Parameter | Description |
---|---|
Temperature | - Controls response randomness. - Lower values (0.0-0.5) give focused, deterministic outputs. Higher values (0.8-2.0) produce more creative, varied responses. |
Top P | - Sets the cumulative probability threshold for token selection. - Lower values (0.1-0.7) make responses more focused and conservative. Higher values (0.8-1.0) allow more diverse word choices. |
Stream | - Enables real-time response streaming. |
Max Tokens | - Limits the length of the model's response. - A higher limit benefits detailed and complex responses, while a lower limit helps maintain conciseness. |
Stop Sequences | - Defines tokens or phrases that will end the model's response. - Use common concluding phrases or tokens specific to your application’s domain to ensure outputs terminate appropriately. |
Frequency Penalty | - Reduces word repetition. - Higher values (0.5-2.0) encourage more varied language.

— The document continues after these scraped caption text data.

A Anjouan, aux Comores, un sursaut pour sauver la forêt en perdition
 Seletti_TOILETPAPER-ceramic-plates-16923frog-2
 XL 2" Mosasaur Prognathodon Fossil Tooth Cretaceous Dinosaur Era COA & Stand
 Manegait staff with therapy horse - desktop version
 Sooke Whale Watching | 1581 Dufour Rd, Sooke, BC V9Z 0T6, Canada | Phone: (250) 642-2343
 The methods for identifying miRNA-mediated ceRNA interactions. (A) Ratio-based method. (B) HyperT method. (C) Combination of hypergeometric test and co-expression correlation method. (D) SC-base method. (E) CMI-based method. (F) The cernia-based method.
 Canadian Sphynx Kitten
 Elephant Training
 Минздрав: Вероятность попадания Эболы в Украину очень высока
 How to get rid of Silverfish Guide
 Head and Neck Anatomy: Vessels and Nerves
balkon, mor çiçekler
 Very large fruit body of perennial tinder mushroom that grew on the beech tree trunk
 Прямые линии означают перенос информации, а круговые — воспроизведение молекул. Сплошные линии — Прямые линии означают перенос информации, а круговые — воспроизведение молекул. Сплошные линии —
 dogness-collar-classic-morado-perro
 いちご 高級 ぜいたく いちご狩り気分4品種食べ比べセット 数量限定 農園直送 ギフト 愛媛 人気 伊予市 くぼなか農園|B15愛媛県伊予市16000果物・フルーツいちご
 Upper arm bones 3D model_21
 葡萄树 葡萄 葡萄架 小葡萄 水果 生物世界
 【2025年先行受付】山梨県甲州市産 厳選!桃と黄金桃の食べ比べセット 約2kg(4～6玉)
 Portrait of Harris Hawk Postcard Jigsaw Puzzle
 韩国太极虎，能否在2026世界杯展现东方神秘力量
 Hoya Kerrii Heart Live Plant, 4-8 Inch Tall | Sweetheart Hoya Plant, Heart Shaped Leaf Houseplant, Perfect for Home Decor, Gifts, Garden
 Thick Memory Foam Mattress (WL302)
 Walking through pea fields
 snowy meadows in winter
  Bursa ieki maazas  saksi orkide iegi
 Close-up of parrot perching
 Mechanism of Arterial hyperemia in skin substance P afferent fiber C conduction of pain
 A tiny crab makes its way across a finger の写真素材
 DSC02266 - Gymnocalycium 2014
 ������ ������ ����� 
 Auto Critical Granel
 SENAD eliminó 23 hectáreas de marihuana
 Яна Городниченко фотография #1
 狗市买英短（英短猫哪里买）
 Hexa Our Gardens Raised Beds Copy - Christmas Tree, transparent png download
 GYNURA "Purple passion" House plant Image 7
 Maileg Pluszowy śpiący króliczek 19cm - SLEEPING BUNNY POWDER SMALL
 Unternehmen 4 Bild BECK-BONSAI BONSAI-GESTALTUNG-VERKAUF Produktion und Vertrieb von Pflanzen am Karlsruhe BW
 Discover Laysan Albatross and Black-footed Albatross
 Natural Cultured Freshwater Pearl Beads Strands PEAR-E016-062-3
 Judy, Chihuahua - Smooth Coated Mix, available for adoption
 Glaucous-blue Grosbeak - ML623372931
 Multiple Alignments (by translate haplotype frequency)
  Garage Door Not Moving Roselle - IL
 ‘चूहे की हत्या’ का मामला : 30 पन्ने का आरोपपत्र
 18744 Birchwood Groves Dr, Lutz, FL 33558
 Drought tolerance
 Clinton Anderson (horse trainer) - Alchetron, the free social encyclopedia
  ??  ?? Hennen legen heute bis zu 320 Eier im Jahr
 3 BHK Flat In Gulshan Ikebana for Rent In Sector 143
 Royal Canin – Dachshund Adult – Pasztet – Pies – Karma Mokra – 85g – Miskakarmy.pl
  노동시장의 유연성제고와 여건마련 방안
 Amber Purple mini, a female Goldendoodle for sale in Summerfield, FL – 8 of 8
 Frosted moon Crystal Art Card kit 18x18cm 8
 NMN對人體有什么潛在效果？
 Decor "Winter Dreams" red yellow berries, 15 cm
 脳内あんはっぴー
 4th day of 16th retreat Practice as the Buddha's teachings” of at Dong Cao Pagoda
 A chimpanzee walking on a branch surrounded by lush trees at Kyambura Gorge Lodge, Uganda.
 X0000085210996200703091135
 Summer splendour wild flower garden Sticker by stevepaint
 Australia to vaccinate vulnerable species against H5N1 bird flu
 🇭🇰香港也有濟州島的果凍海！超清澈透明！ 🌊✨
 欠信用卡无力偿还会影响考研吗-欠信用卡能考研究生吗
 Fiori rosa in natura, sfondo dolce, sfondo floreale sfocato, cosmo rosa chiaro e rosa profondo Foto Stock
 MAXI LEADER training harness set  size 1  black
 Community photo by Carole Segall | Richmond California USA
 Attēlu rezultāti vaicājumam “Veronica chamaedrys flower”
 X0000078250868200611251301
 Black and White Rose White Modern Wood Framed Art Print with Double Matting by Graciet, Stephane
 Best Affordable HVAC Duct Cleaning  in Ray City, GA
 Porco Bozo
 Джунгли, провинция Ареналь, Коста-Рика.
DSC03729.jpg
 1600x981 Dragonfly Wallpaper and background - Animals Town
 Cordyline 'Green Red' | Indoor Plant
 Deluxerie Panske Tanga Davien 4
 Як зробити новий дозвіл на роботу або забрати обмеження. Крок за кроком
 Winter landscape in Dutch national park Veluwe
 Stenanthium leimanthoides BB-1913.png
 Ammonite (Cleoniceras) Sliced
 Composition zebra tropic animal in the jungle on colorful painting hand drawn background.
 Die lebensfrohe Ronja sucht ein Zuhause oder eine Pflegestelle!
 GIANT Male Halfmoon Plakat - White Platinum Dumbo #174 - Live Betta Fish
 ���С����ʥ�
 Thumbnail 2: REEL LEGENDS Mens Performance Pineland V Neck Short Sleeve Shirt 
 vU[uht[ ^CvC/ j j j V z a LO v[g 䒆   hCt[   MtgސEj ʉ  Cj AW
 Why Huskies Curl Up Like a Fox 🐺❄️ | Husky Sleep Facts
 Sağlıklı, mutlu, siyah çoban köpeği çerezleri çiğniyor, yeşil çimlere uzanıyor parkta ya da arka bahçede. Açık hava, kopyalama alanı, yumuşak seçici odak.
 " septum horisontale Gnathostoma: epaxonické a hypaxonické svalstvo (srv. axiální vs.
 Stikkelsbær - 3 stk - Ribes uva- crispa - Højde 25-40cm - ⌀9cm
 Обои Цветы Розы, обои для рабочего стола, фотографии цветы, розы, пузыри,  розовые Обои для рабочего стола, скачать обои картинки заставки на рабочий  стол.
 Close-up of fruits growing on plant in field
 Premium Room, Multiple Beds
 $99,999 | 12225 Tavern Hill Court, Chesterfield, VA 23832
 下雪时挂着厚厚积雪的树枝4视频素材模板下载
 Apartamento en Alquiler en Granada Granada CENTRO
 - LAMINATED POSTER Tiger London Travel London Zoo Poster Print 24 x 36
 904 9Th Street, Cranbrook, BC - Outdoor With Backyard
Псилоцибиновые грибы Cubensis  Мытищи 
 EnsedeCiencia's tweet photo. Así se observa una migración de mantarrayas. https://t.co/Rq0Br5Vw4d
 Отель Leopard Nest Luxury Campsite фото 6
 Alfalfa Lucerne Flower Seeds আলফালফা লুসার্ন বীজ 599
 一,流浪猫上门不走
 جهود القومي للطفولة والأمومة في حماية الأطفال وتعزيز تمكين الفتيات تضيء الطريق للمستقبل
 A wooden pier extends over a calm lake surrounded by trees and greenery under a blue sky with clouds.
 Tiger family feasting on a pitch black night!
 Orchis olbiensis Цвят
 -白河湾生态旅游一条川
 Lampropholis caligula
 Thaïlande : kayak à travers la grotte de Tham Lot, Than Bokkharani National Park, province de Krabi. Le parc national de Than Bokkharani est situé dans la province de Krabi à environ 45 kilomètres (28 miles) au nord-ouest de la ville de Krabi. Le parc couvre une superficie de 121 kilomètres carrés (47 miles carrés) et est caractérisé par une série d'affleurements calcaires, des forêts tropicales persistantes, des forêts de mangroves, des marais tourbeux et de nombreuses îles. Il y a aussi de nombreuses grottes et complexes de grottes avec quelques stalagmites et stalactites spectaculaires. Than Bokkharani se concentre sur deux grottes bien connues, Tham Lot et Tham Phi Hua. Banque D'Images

Useful for creative writing and content generation. |
Presence Penalty | - Encourages the model to explore new topics. - Higher values (0.5-2.0) help prevent the model from fixating on already-discussed subjects. |
Model Parameters
This setting defines and configures the model's behavior.
Parameter | Description |
---|---|
Prompt Template | A structured format that guides how the model should respond. Contains placeholders and instructions that help shape the model's output in a consistent way. |
Engine Parameters
These settings parameters control how the model runs on your hardware.
Parameter | Description |
---|---|
Number of GPU Layers (ngl) | - Controls how many layers of the model run on your GPU. - More layers on GPU generally means faster processing, but requires more GPU memory. |
Context Length | - Controls how much text the model can consider at once. - Longer context allows the model to handle more input but uses more memory and runs slower. - The maximum context length varies with the model used. |
By default, Jan defaults to the minimum between 8192 and the model's maximum context length, you can adjust this based on your needs.